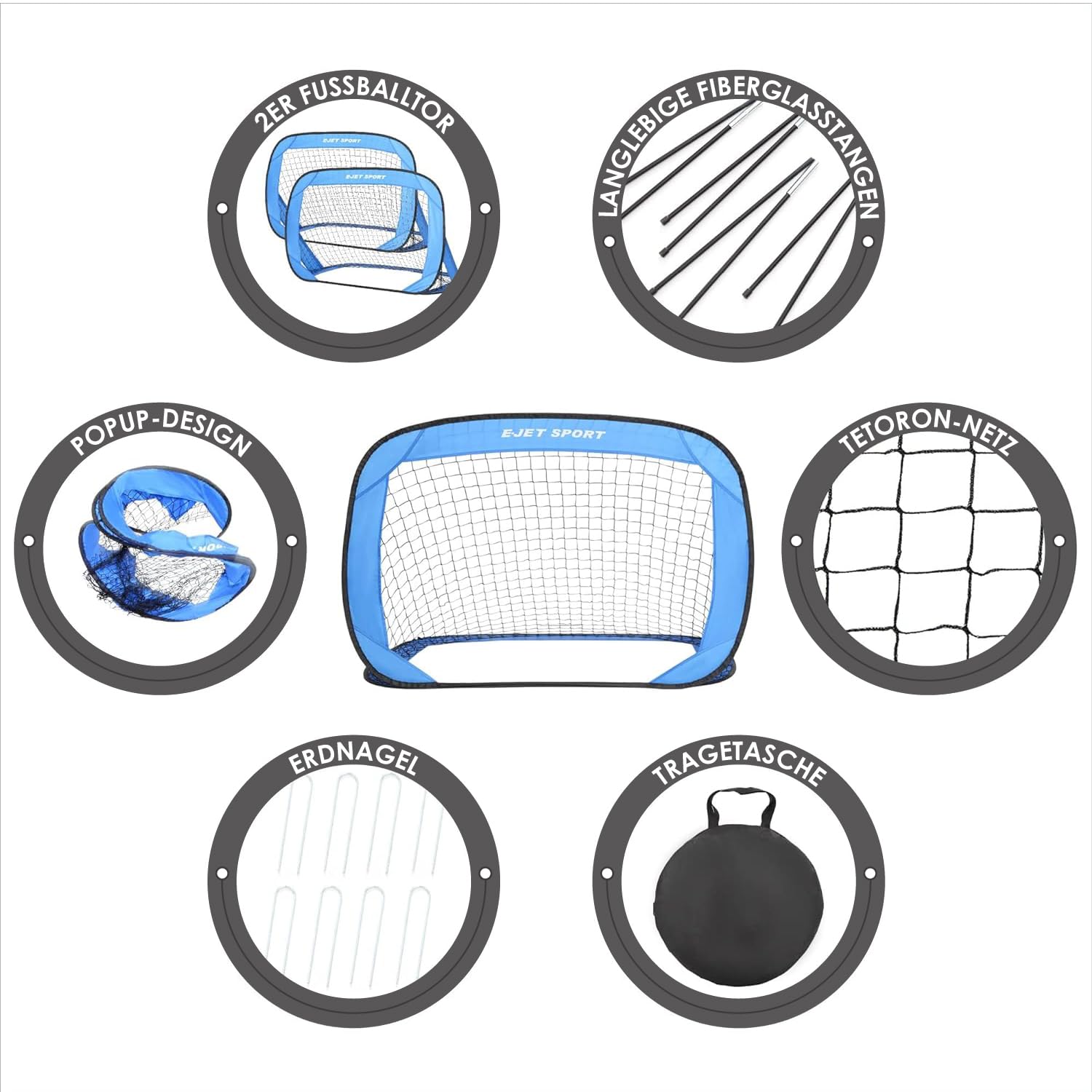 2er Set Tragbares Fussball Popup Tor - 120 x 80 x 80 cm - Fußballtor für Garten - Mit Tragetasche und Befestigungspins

━━━━━━

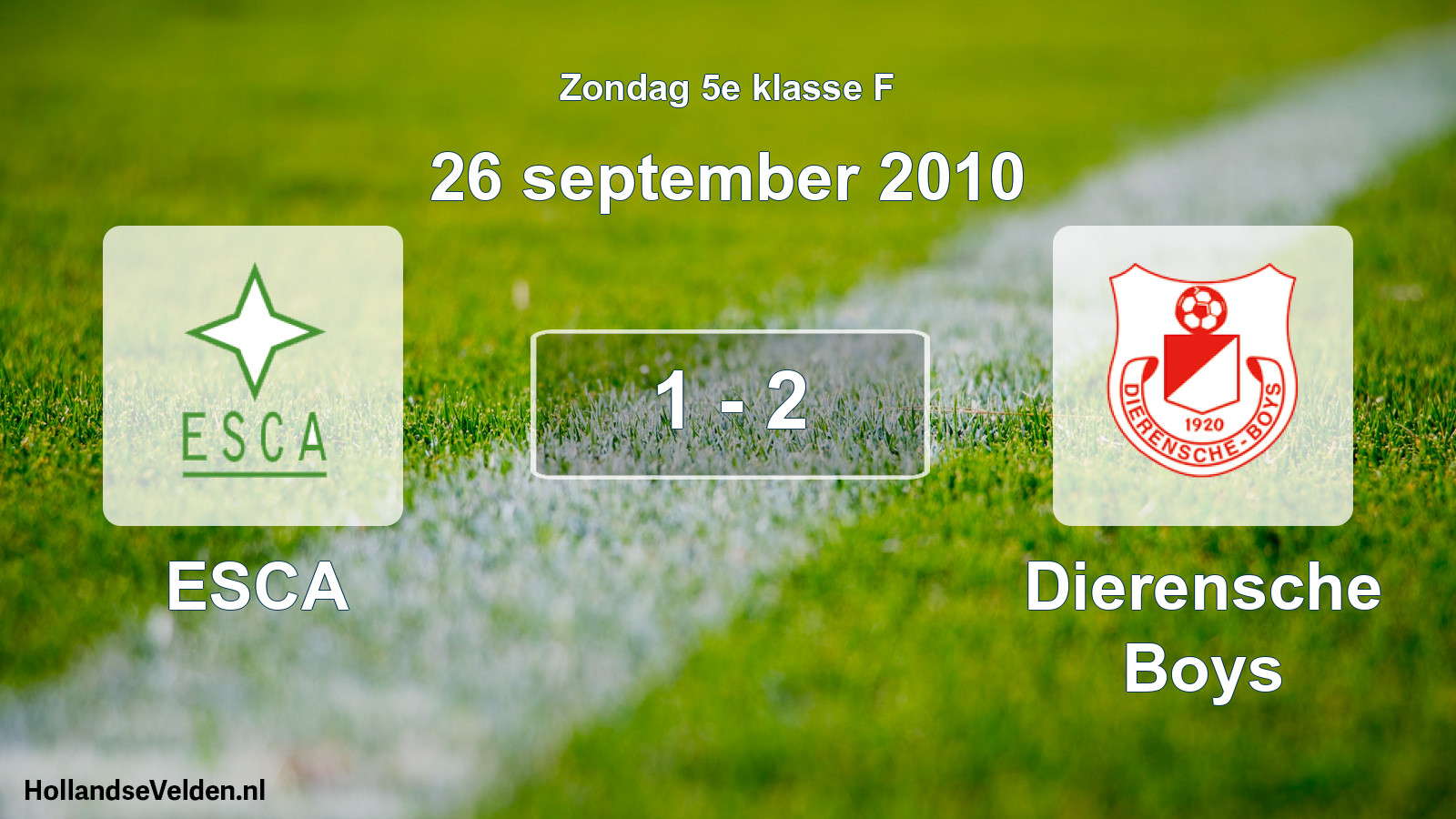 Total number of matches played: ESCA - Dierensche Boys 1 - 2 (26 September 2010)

━━━━━━

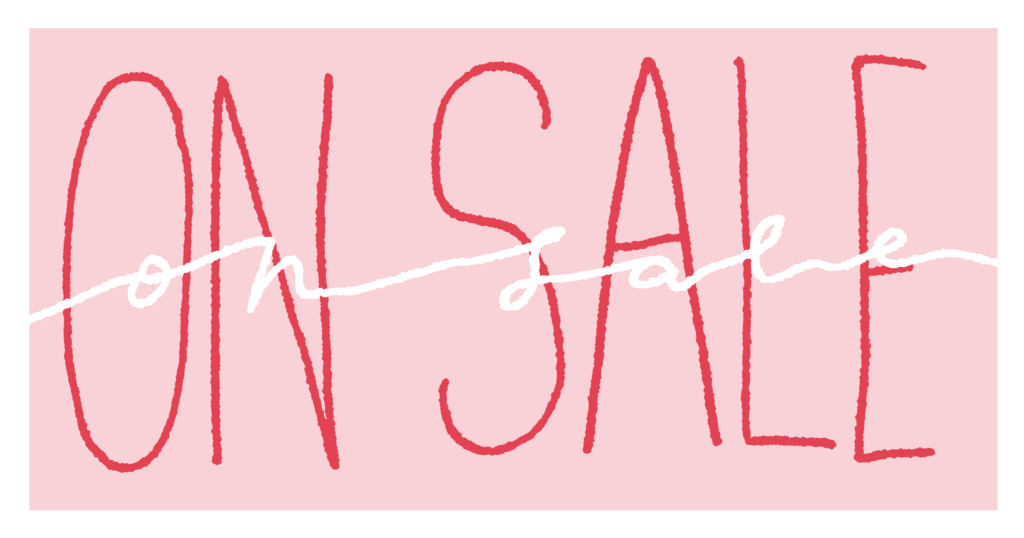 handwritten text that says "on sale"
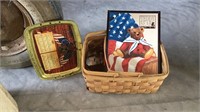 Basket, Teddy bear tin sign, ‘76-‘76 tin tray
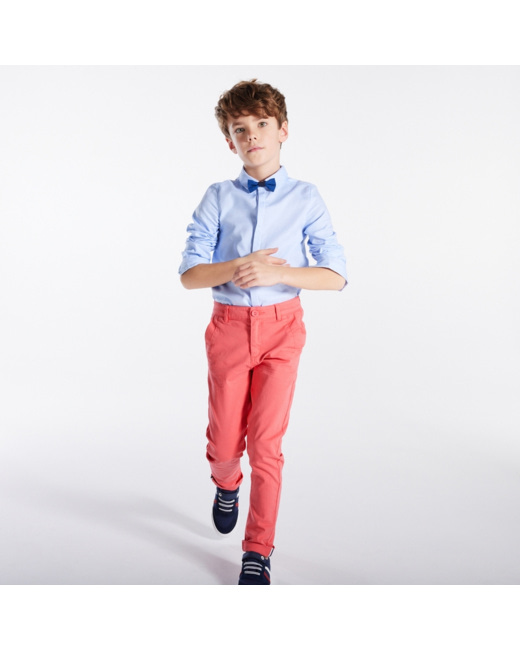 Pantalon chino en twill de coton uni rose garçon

━━━━━━

* Problem statement: Print, exactly and with no pictures, the lines of the listing above starting at the one that has "handwritten text that" and ending at the one that has "Pantalon chino en", both included.

* Solution to this task:
 handwritten text that says "on sale"
 Basket, Teddy bear tin sign, ‘76-‘76 tin tray
 Pantalon chino en twill de coton uni rose garçon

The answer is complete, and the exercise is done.